WHAT YOU NEED TO DO:
Through to the final line, write out the records below exactly, omitting any images they contain.

BEGIN RECORDED DATA

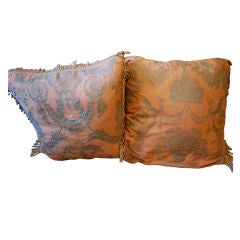 Antique Pair of Italian Fortuny Peach Pillows with Fringe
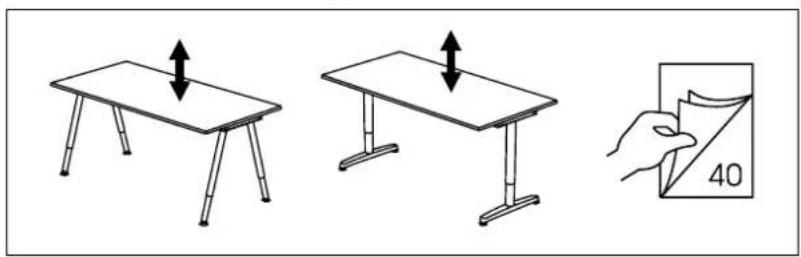 Illustration showing three steps of folding a table: lifting an upward arrow, folding a flat surface, and cutting a diagonal line labeled '40'.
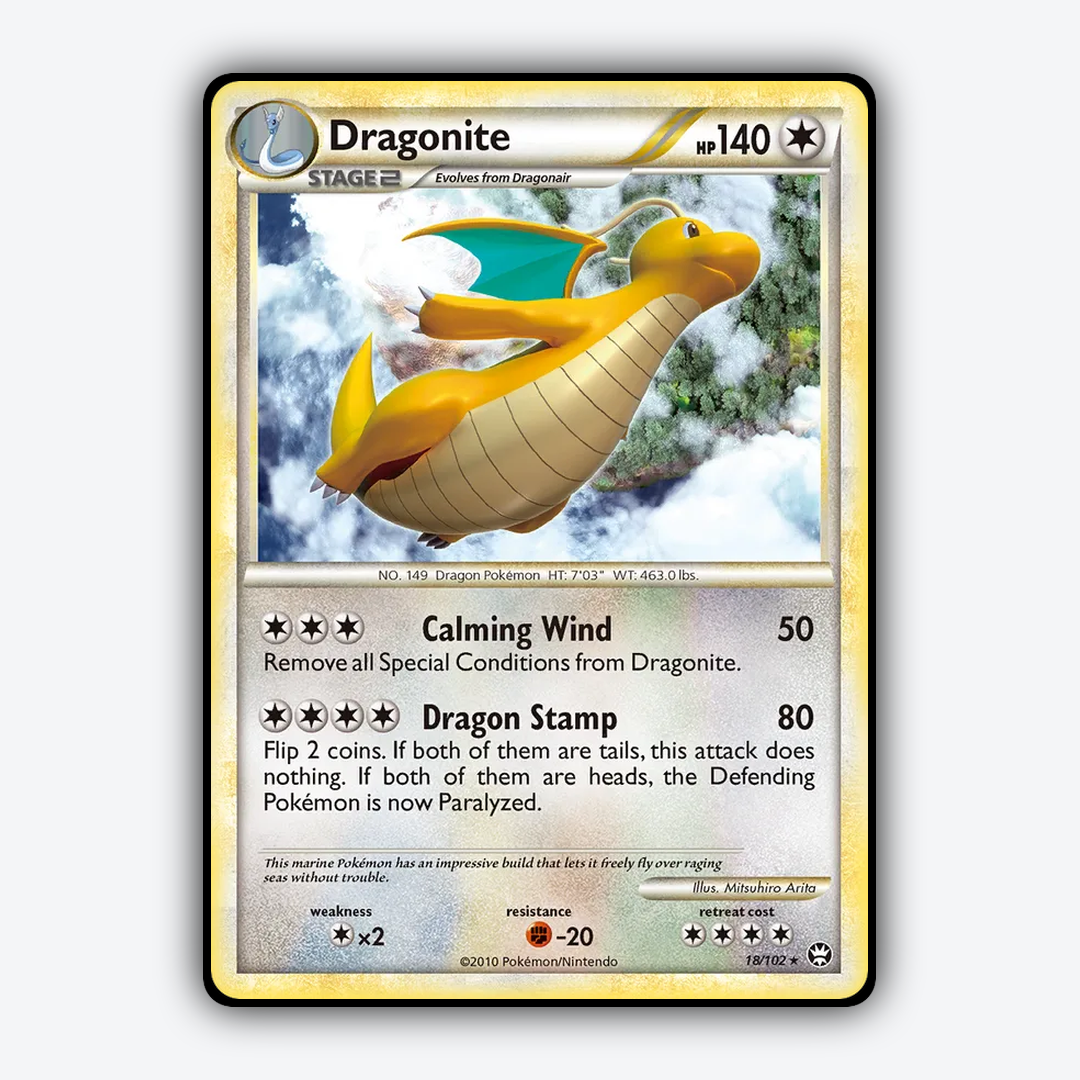 Dragonite 018/102 - HS—Triumphant Set - Card Rug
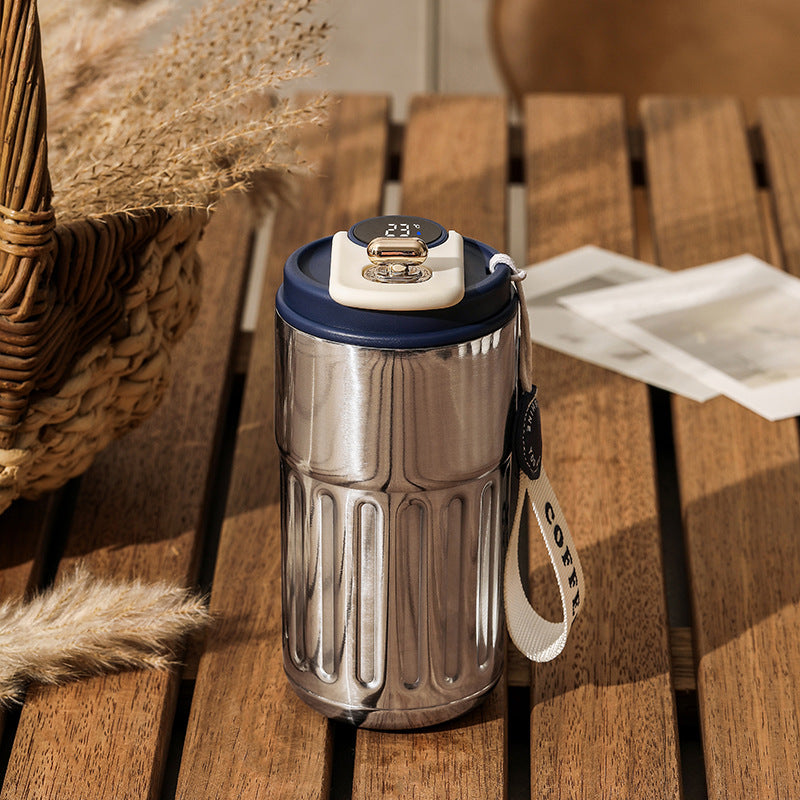 Smart Digital Thermal Bottle Portable Coffee Mug Stainless Steel Water Bottle In-Car Insulated Cup Keep Cold Vacuum Flasks 450Ml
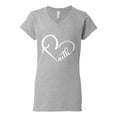 thumbnail image 2 of Wild Bobby Heart Made Of Faith Inspirational/Christian Women Standard V-Neck Tee, Heather Grey, XX-Large, 2 of 5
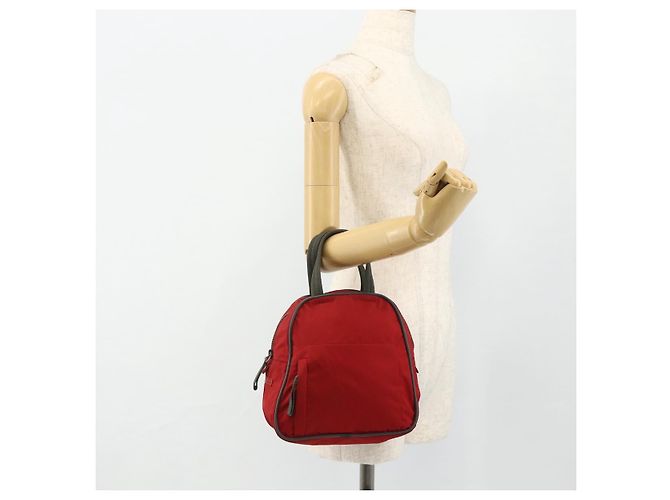 PRADA Borsa sportiva in nylon rossa argento Auth 176633A Rosso - vista 24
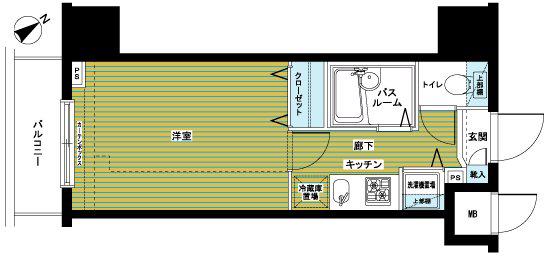 フェニックス新横濱イクシール(1K/9階)の間取り写真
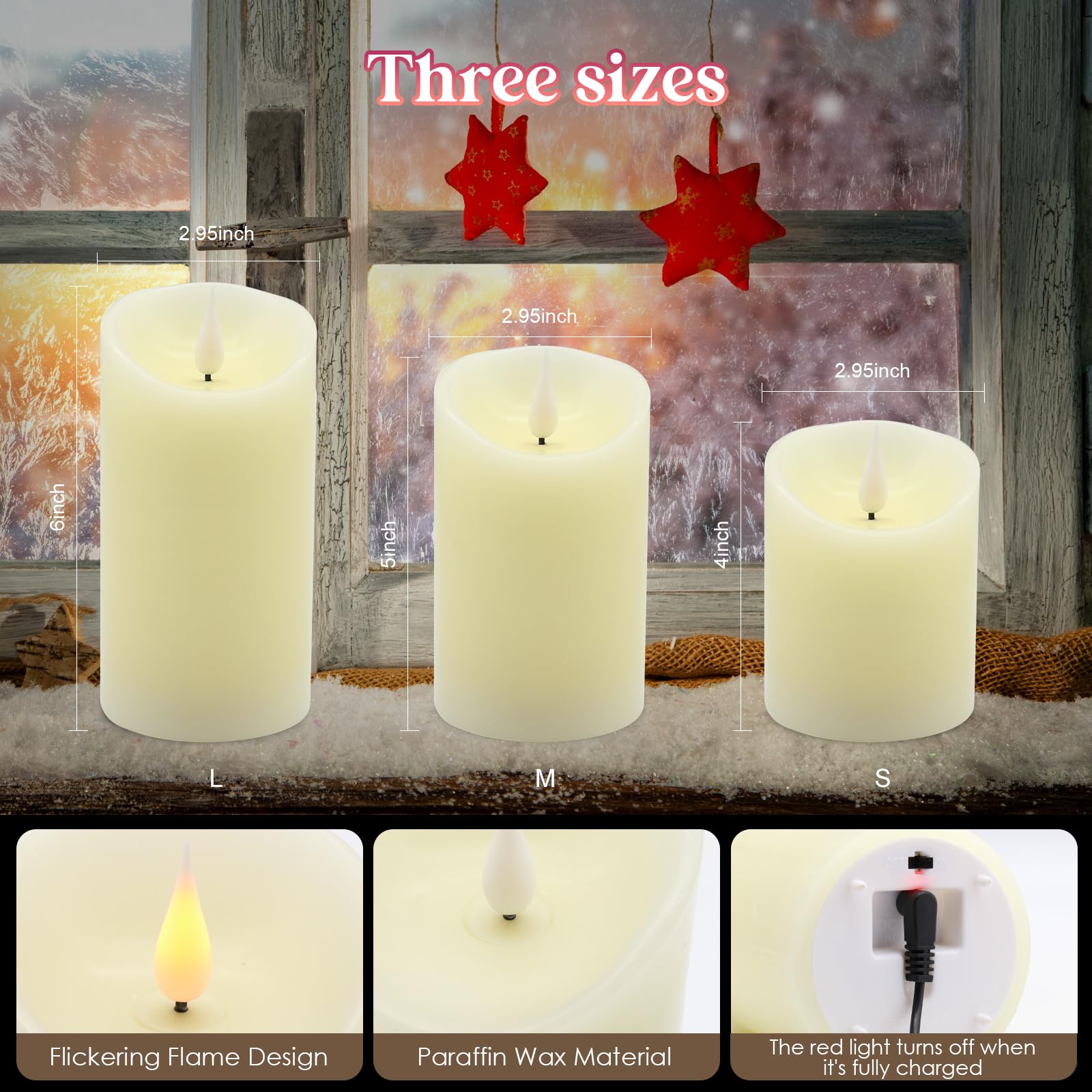 ALED LIGHT Candele LED Senza Fiamma, Bianco Caldo Multicolor Real Wax Pilastro Luce Candela Ricaricabili USB, con Telecomando e Timer, Lampada Candela per Natale Feste Decorazione Casa Matrimonio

END RECORDED DATA

ANSWER BELOW:
 Antique Pair of Italian Fortuny Peach Pillows with Fringe
 Illustration showing three steps of folding a table: lifting an upward arrow, folding a flat surface, and cutting a diagonal line labeled '40'.
 Dragonite 018/102 - HS—Triumphant Set - Card Rug
 Smart Digital Thermal Bottle Portable Coffee Mug Stainless Steel Water Bottle In-Car Insulated Cup Keep Cold Vacuum Flasks 450Ml
 thumbnail image 2 of Wild Bobby Heart Made Of Faith Inspirational/Christian Women Standard V-Neck Tee, Heather Grey, XX-Large, 2 of 5
 PRADA Borsa sportiva in nylon rossa argento Auth 176633A Rosso - vista 24
 フェニックス新横濱イクシール(1K/9階)の間取り写真
 ALED LIGHT Candele LED Senza Fiamma, Bianco Caldo Multicolor Real Wax Pilastro Luce Candela Ricaricabili USB, con Telecomando e Timer, Lampada Candela per Natale Feste Decorazione Casa Matrimonio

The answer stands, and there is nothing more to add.